Sheriff’s notices were nailed to the doors of our home; court orders, injunctions, and demands for repayment of loans were
piled on our dining room table. The framing of the house, the french doors, over a hundred windows, the flooring, insulation,
and wiring were completed but funds had run out. Ten more days and we would lose everything.

On April 28, a firefighter who was building his own home came by. We had $22,000 worth of lumber stacked on the lawn amid
the fallen petals of apple, cherry, and dogwood blossom. It was meant for the large decks and the three-car garage with a
studio above it. He offered us $6,000 for the lot, which, since it was not nailed down, we were entitled to sell. It was the
best price we could get in the time available. Next day, he came with three trucks and, within hours, the lumber was gone.

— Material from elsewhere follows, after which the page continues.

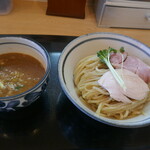 つけ麺 いな月 - 鶏魚介のつけ麺大盛り800円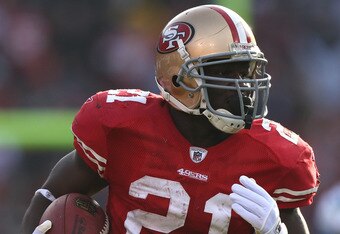 SAN FRANCISCO - DECEMBER 27: Frank Gore #21 of the San Francisco 49ers runs against the Detroit Lions during an NFL game at Candlestick Park on December 27, 2009 in San Francisco, California. (Photo by Jed Jacobsohn/Getty Images)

Peter came home from Weston High School where he was so happy. He was astonished to learn that we were moving. How was he
to tell his friends Sean and Charlie? “Hey, Mom,” he said angrily, pushing his favorite Yankee cap to the back of his head,
“I’ve only a couple of months of this school year left. Didn’t Eamonn offer to help?”

I explained that if we did not leave soon, whatever money we might get from Eamonn would go to pay our outstanding debts.
Peter McKay had advised us to move out for another reason. Eamonn would not know our whereabouts, so he would be forced to
deal with my lawyer.

“Where will you be, Annie,” McKay asked, “when I want to contact you?”

I told him we were headed west. We hoped to find a less expensive place where Arthur and I could both get jobs and provide
Peter with good schooling. I promised to call him when we were settled.

We arranged to store our furniture for $100 a month and hired a truck from Ryder Rental for one day to help us move it. With
only twenty-four hours to wrap up our lives, Mary and her friend, Stan, came to help us pile everything into boxes and suitcases.
We crated the TV and radios, Peter’s toys, memorabilia from
Star Wars
, baseball cards, his boom box. Early on May 3, my forty-second birthday, we left the house that we had hoped would make us
a fortune. With only $6,000, Arthur and I had one final ambition: to give Peter a sense of the wider world outside our narrow
circle. We wanted him to see with his own eyes that the round earth is beautiful and to inspire him with new ambitions. He
had to learn to believe that things do change. My hope was that though we were powerless now, Peter might still acquire a
sense of the magic and challenge of life.